The Tories have accused Sir Keir Starmer of u-turning on his principles over immigration as campaigns ahead of the General Election intensify.
The Labor Party leader pledged to slash levels of migration to the UK but could not provide a timeline level or target figure.
Home Secretary James Cleverly said: “Keir Starmer has a track record of supporting high immigration levels and helping foreign criminals stay in Britain because he believes all immigration laws are racist.
“This is yet another day where Starmer will say what he thinks people want to hear during an election because he lacks conviction to say what he believes. A Labor government would allow open door immigration, making the UK a magnet for illegal migrants.
“Only Rishi Sunak and the Conservatives are committed to cutting migration and stopping the boats. We have a record of taking bold action to cut migration to secure Britain's future.”
The Labor leader is putting the migration plan in his manifesto, and it will include passing laws to ban law-breaking employers from hiring foreign workers and to train more Britons.
Last year's net migration figure of 685,000 has “got to come down.”
He vowed to “control our borders and make sure British businesses are helped to hire Brits first”.
While encroaching on traditional Tory territory, Sir Keir hit out at successive Conservative governments for promising but failing to cut numbers.
A Labor government would bar bosses who break employment law – for example by failing to pay workers the minimum wage – from hiring foreigners.

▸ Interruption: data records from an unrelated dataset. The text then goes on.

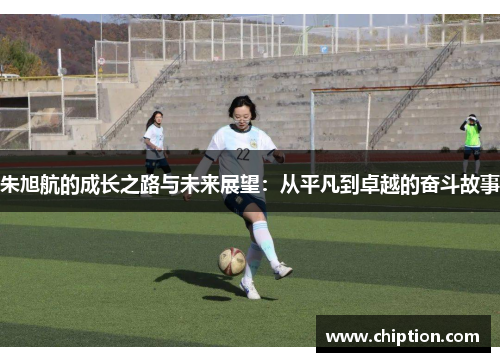 朱旭航的成长之路与未来展望：从平凡到卓越的奋斗故事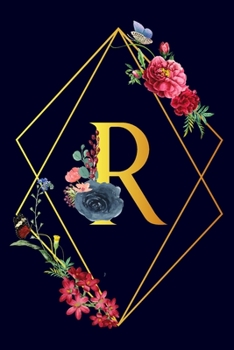 Paperback R: Monogram Initial R Notebook Gift for Women & Girls. Beautiful Floral & Gold on Navy Blue Lined Personalized Journal & Book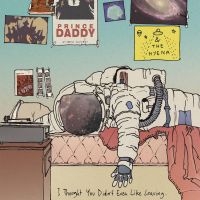 Prince Daddy & The Hyena - I Thought You Didn't Even Like Leav ryhmässä CD @ Bengans Skivbutik AB (4163121)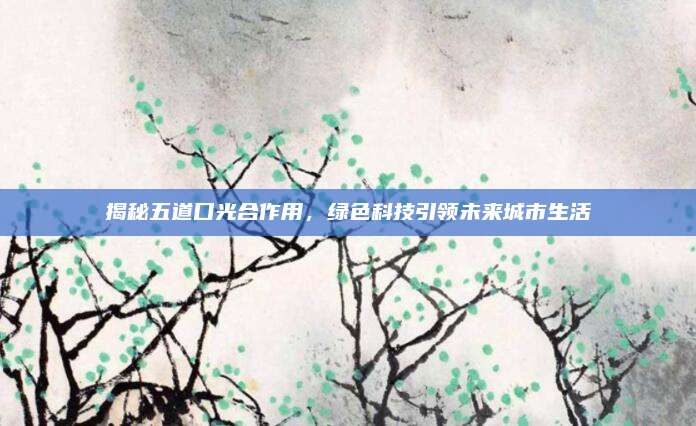 揭秘五道口光合作用,，綠色科技引領(lǐng)未來城市生活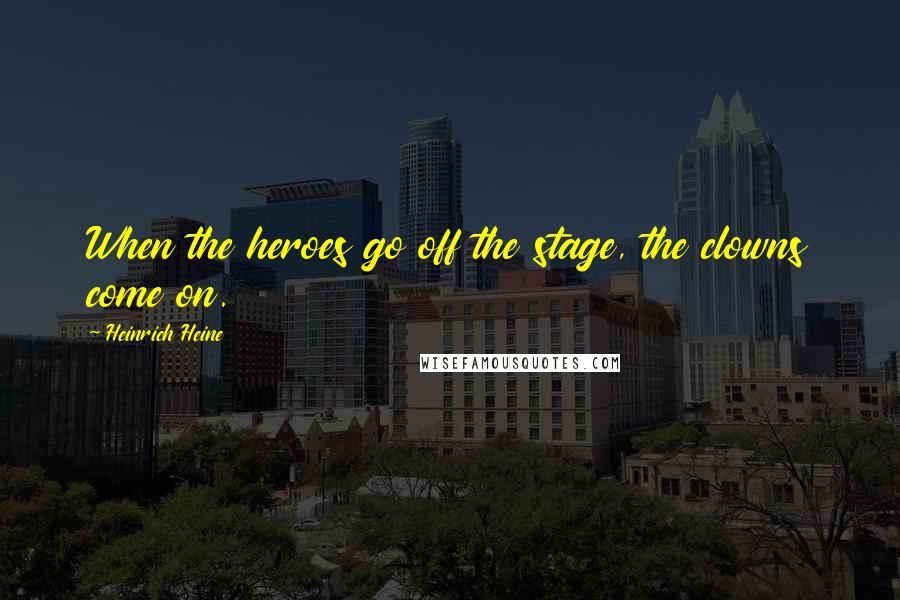 Heinrich Heine Quotes: When the heroes go off the stage, the clowns come on.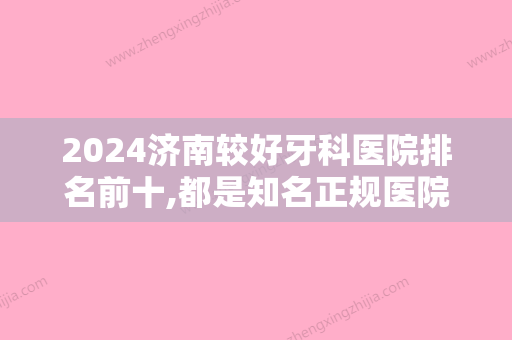 2024济南较好牙科医院排名前十,都是知名正规医院入围附前突牙矫正价格一览表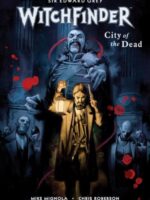 Witchfinder Volume 4: City Of The Dead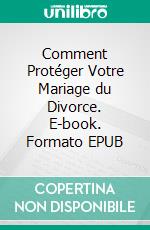 Comment Protéger Votre Mariage du Divorce. E-book. Formato EPUB ebook di Hope Etim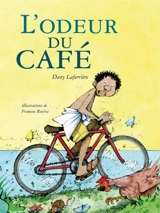 L'odeur du café - Dany Laferrière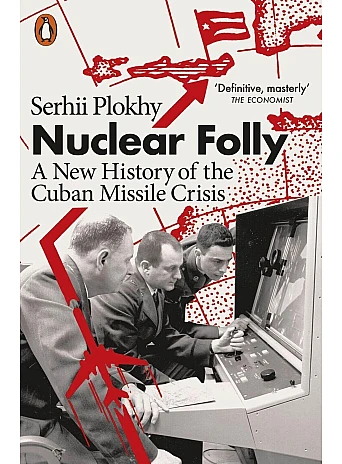 Nuclear Folly. A New History of the Cuban Missile Crisis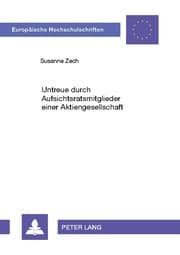 Cover von Untreue durch Aufsichtsratsmitglieder einer Aktiengesellschaft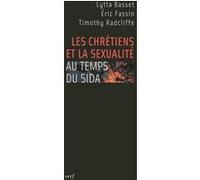 Les Chrétiens et la sexualité au temps du SIDA Lytta Basset (Auteur), Eric Fassin (Auteur)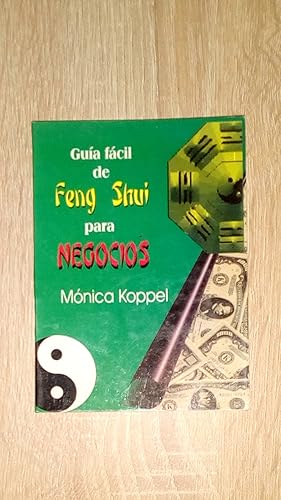 Imagen del vendedor de GUIA FACIL DE FENG SHUI PARA NEGOCIOS a la venta por Libreria Bibliomania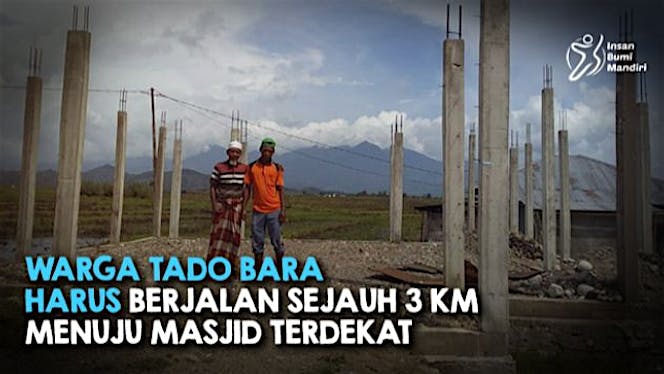 BANGUN MASJID PERTAMA DI DUSUN TADO BARA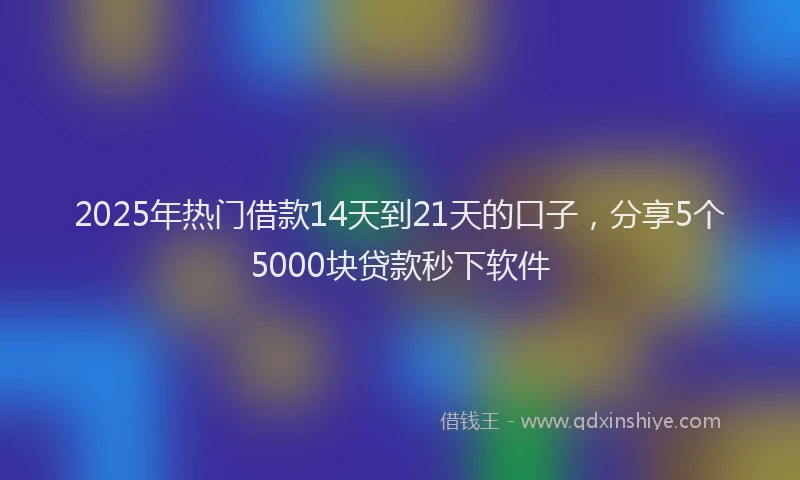 2025年热门借款14天到21天的口子，分享5个5000块贷款秒下软件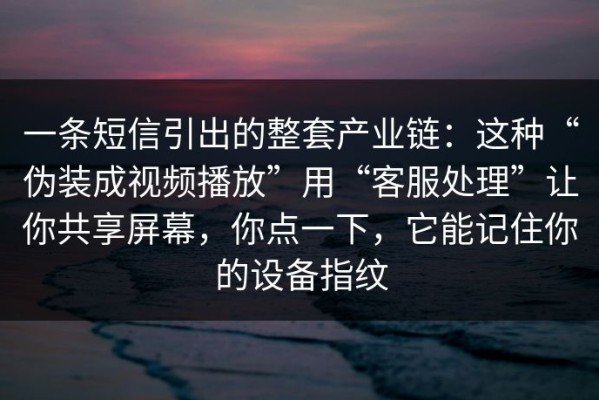 一条短信引出的整套产业链：这种“伪装成视频播放”用“客服处理”让你共享屏幕，你点一下，它能记住你的设备指纹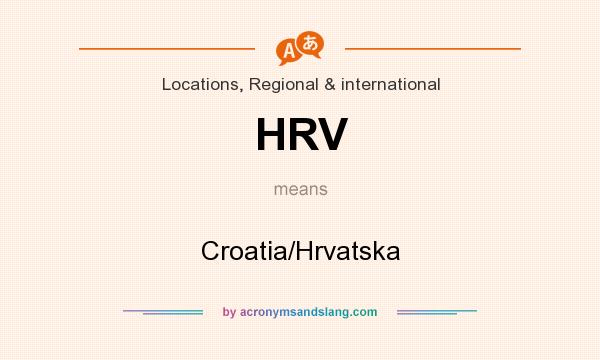 What does HRV mean? It stands for Croatia/Hrvatska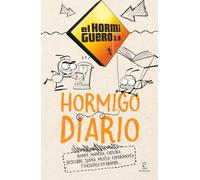 Hormigo Diario: Rompe, mancha, explora, descubre, sueña, mezcla, experimenta y pásatelo en grande (Espasa Humor)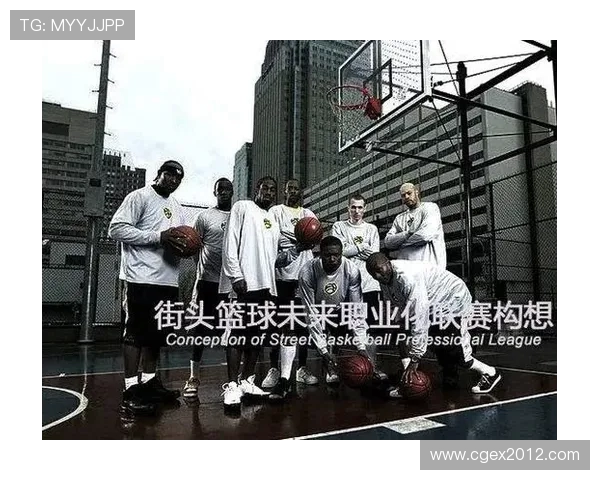 篮球文化的传承与创新探索:从街头篮球到职业联赛的多元发展路径 篮球文化的传承与创新探索:从街头篮球到职业联赛的多元发展路径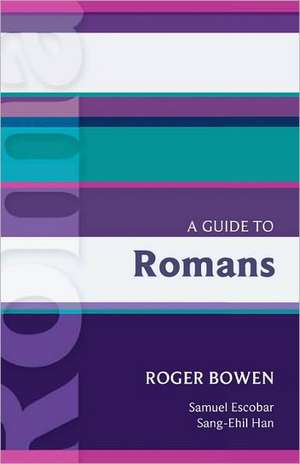 ISG 11: A Guide to Romans de Roger Bowen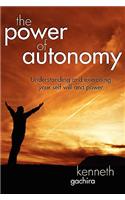 The Power of Autonomy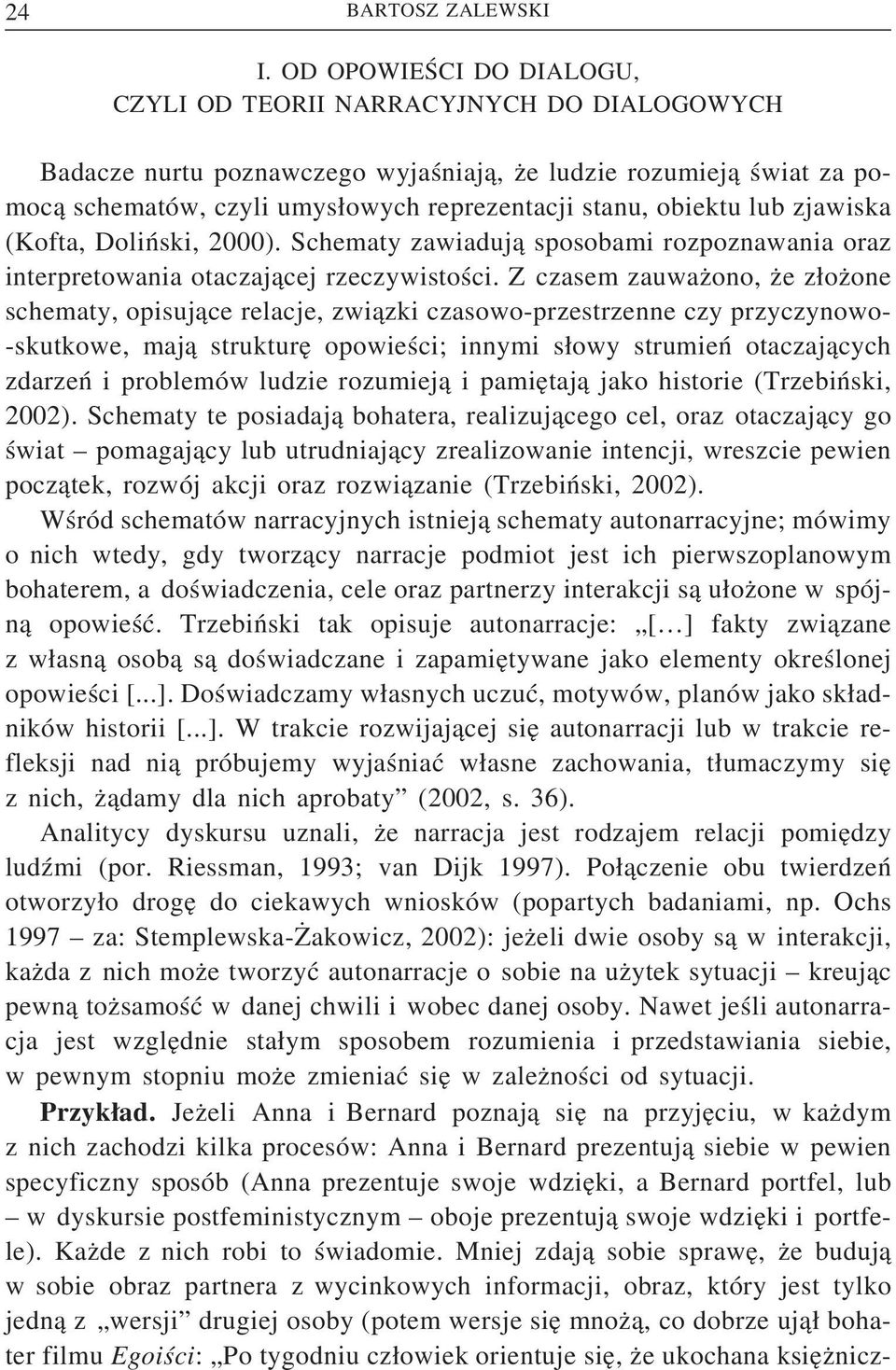 lub zjawiska (Kofta, Doliński, 2000). Schematy zawiadują sposobami rozpoznawania oraz interpretowania otaczającej rzeczywistości.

Sectors of the UK economy have become “very heavily dependent on overseas recruitment” because of a “failure in the UK labor market”, shadow home secretary Yvette Cooper has said.
Ms Cooper added: “We think that migration should come down and that's the plan that Keir is setting out is in order to bring that migration down.
“It has trebled in the last five years under the Conservatives and right at the heart of that is a big increase in work migration, and that's because there's been a fundamental failure to tackle skills shortages, to deal with some of the problems in the labor market.”
She added: “The reason that whole sectors have become very heavily dependent on overseas recruitment is because of a failure in the UK labor market, because of a failure of a Conservative government. Some of that is around skills, some of that is around getting people back into work.”
It would also legislate to link the immigration system to training, with businesses applying for foreign worker visas having to train Britons to do the jobs.
Alison Thewliss, from the SNP, said: “Instead of coming forward with policies based on Scotland's needs, Keir Starmer and Rishi Sunak are both amping up the far-right belief that migrants are to blame for all of our problems – but it's not migrants. , it's Westminster.”
“From our care sector and our NHS to our economy, the cruel immigration policies that both the Tories and Keir Starmer's Labor have now adopted directly harm Scotland,” she said.